Juice Robinson is Cabana's guest this week
Photo Credit:
If you’re new, here’s the rundown. We listen to a handful of wrestling podcasts each week. Too many, probably, though certainly not all of them. In the interest of saving you time — in case you have the restraint to skip certain episodes — the plan is to give the bare bones of a given show and let you decide if it’s worth investing the time to hear the whole thing. There are many wrestling podcasts out there, of course, but this feature largely hews to the regular rotation we feel best fit the category of hit or miss. If we can save other folks some time, we’re happy to do so.

Show: Art Of Wrestling
Episode: 337 (Feb. 8, 2017)
Run Time: 1:05:23
Guest: Juice Robinson (11:03)

Summary: Colt Cabana decided the time was right to sit down with the erstwhile CJ Parker, now known as Juice Robinson. They open by considering the idea of scouting future opponents and the misconceptions American wrestlers have about Japanese opponents. Robinson talks about trying to shake his NXT identity and starting over on the independent scene. They go back to the beginning of their relationship and Robinson talks about being a goofball in school, discovering independent wrestling and getting into training. He recounts some of his early struggles before he figured out how to really commit to wrestling. Robinson then tells the story of his WWE tryout and bits from his time in developmental, as well as how he decided to leave on his terms and ended up latching on with New Japan and acclimating to living there more than stateside.

Quote of the week: “I ended up being there for eight months. And it was good, I’m glad I did that cause you know, then you earn their respect. I didn’t want them to think that I thought that I was something that I wasn’t. I wasn’t anything! Cause you’re not anything, and at that point I was nothing. Anybody who leaves there and thinks, like, ‘Oh, I’m gonna cash in on all these indy pay days and, like, with my Pro Wrestling Tees and everything,’ no way. You’re starting over. You’re nothing. You’re behind the machine and, yeah, don’t drink the Kool-Aid. It was nothing then. And yeah, I went to the dojo and started from scratch. And I knew then I’d get a couple more tours, right, so if I shit the bed the first tour I knew I’d have a couple more.”

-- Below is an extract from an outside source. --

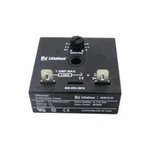 Littelfuse Tmv8000 24-240vac/dc 10a 0.1-8min Nsnp. Fixed Price $45.00.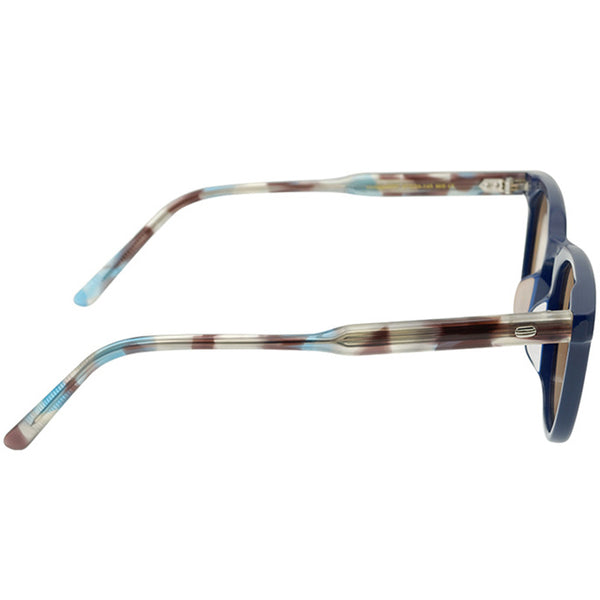 Square Sunglasses GCS1003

Why you should listen: Hands down the most entertaining anecdote was Robinson recounting how he learned of the world outside of WWE by seeing Billy Gunn advertised on a poster in a Morris, Ill., Taco Bell. While that stands on its own, he and Cabana moved from there directly through the rest of Robinson’s career in a way that touches on the parts NXT fans will easily recall while also artfully showing the evolution of a wrestler who has no damn business in the ring to properly understanding when his talents aren’t being fully utilized. I didn’t expect this interview to find new ground after recent talks with Adam Rose, Cody Rhodes and Bull James, but it stands on its own and should lead to broader interest in Robinson’s career.

Why you should skip it: Feels like a broken record here, but don’t come looking for an ex-developmental guy shooting hot fire at Triple H or whatever. That should be expected by now. It also should be noted the talk is largely absent of fond memories of NXT as well — no heartwarming Dusty Rhodes tales or new insights on what it’s really like to train in that environment. Some might say Cabana spends a bit too much time interjecting some of his own stories into the conversation, but given when and where their paths crossed in small-town Illinois, I don’t share that criticism.

Final thoughts: It’s a good chat. Nothing mind-blowing, but I really enjoyed the chance to learn more about a person whom I knew I wasn’t fully experiencing via NXT. At this rate Cabana is kind of like a baseball player compiling the counting stats year after year. His weekly show, provided we’re talking one-on-one interviews, is remarkably consistent. Rarely spectacular but always better than average and generally worth the time.